To say that A.L.H. has a strong petition for review is a bit of an understatement. Essentially, COA reaches the result here by virtue of how it interprets SCOW’s decision in M.R.M. There, SCOW was asked to address whether it could remand for a new extension hearing after the appellant’s request for a jury trial had been unlawfully rejected. SCOW clarified that the competency question in that circumstance did not focus on whether  there was time remaining on the existing extension order being challenged on appeal. Instead, it concluded that competency needed to be assessed from the perspective of the preceding order and unambiguously held that “the failure to enter a lawful extension order before the preceding order expires results in a loss of competency.” In other words, a court which “enters an unlawful extension order— by wrongfully denying a timely jury demand, for example—has not complied with” the statutory requirements governing the timing of such an order.

Thus, in M.R.M.’s case, the circuit court’s duty to timely hold a final hearing was not tolled by the legally defective proceedings; essentially, a finding that the extension order was legally defective had the same impact as if no extension order had been entered at all–meaning the court was clearly without competency to hold a “new” hearing outside those statutory deadlines.

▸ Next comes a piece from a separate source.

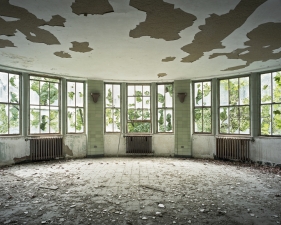 Christopher Payne<br /> <em>Tuberculosis Pavilion</em>,&nbsp;2011<br /> Archival pigment ink prints<br /> 20 x 24" &nbsp; &nbsp;Edition of 20<br /> 40 x 50" &nbsp; &nbsp;Edition of 10<br /> 50 x 60" &nbsp; &nbsp;Edition of 5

Here, aside from the legal wrinkle that this is an original order, A.L.H. essentially loses for the unstated reason that COA is choosing to view a D.J.W. violation as materially different from an erroneously denied jury demand; if the two violations were on equal legal footing, the same outcome should have occurred here.

As the opinion points out, other decisions of COA have reached an opposite outcome. Moreover, it would appear that this decision once again threatens to undermine the force and effect of D.J.W. as it is difficult to square with the broad pronouncements in that decision regarding the importance of legally correct rulings in order to effectuate due process guarantees and ensure meaningful appellate review.

Long story short, this case seems like SCOW bait and we eagerly await the outcome of A.L.H.’s petition for review!